Example 2: Sum of two dice rolls#

  • \(X(\omega) = \omega, \text{ where } \omega \text{ can take any value from 1 to 6}\)

  • \(Y(\omega) = \omega, \text{ where } \omega \text{ can take any value from 1 to 6}\)

  • \(Z = X + Y\)

\(Z\) can take any value from \(2\) to \(12\).

def Z(sample):
    return jnp.sum(sample)

key = jax.random.PRNGKey(1)
n_samples = 2

# Sample from the distribution
samples = dice.sample(seed=key, sample_shape=n_samples)
rv_samples = jax.vmap(Z)(samples)

print(f"Samples:\n{samples}")
print(f"RV Samples:\n{rv_samples}")
Samples:
[[2 5]
 [5 4]]
RV Samples:
[7 9]

Discrete Random Variables#

Quick Quiz: Is \(C\) a discrete random variable?

\[\begin{split} C(\omega)= \begin{cases}1.5, & \text { if } \omega=\text { heads } \\ 2.5, & \text { if } \omega=\text { tails }\end{cases} \end{split}\]

A: Yes, because it has countably finite sample space.

Example 1: A student’s score in an exam#

  • No negative marking.

  • Sample space = {0, 1, 2, …, 100}

  • Random variable: \(S(\omega) = \omega, \omega \text{ is marks received}\)

Continuous Random Variables#

  • Functions defined over a range.

Examples:#

  • Weights of all human beings on this planet (include past, present and future).

  • Time taken to blow a baloon by a person.

Programmatic example: Absolute errors#

  • Experiment: Errors in manufacturing 1000 mm diameter pipes

def abs_rv_func(x):  # RV function
    return jnp.abs(x)

error = distrax.Uniform(low=-10.0, high=10.0)
n_samples = 5

key = jax.random.PRNGKey(0)
samples = error.sample(seed=key, sample_shape=n_samples).round(2)

print(f"Samples: {samples}")
print(f"RV samples: {jax.tree_map(abs_rv_func, samples)}")
Samples: [ 1.49      -8.01      -2.1399999  7.8799996  1.93     ]
RV samples: [1.49      8.01      2.1399999 7.8799996 1.93     ]
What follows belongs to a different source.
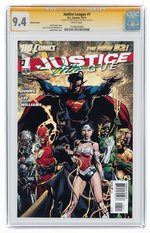 "JUSTICE LEAGUE" #1 OCTOBER 2011 CGC 9.8 NM/MINT SIGNATURE SERIES - VARIANT COVER.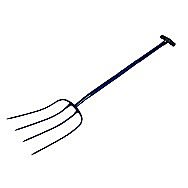 4 Tine Manure Fork With Plastic Handle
Probability Mass Function (for discrete random variables)#

image-2.png

  • \(p(X=5) = \frac{1}{2}\)

  • \(p(X=4) = \frac{1}{4}\)

  • \(p(X=3) = \frac{1}{4}\)

A programmatic example of PMF (for discrete random variables)#

coin = distrax.Bernoulli(probs=0.8)
print(f"Probability of 1: {coin.prob(1):.3f}")
print(f"Probability of 0: {coin.prob(0):.3f}")
Probability of 1: 0.800
Probability of 0: 0.200
print(f"Log probability of 1: {coin.log_prob(1):.3f}")
print(f"Log probability of 0: {coin.log_prob(0):.3f}")
Log probability of 1: -0.223
Log probability of 0: -1.609

Probability Density Function#

image.png

A programmatic example for PDF (for continuous random variables)#

errors = distrax.Uniform(low=1.0, high=2.0)
print(errors.prob(0.5))
0.0
print(errors.prob(1.5))
1.0
print(errors.prob(2.0))
1.0

Summary#

We learned about the following concepts:

  • Sample space and their types (Discrete and Continuous)

  • Events

  • Random Variables and their types (Discrete and Continuous)

  • How to implement above concepts using JAX and Distrax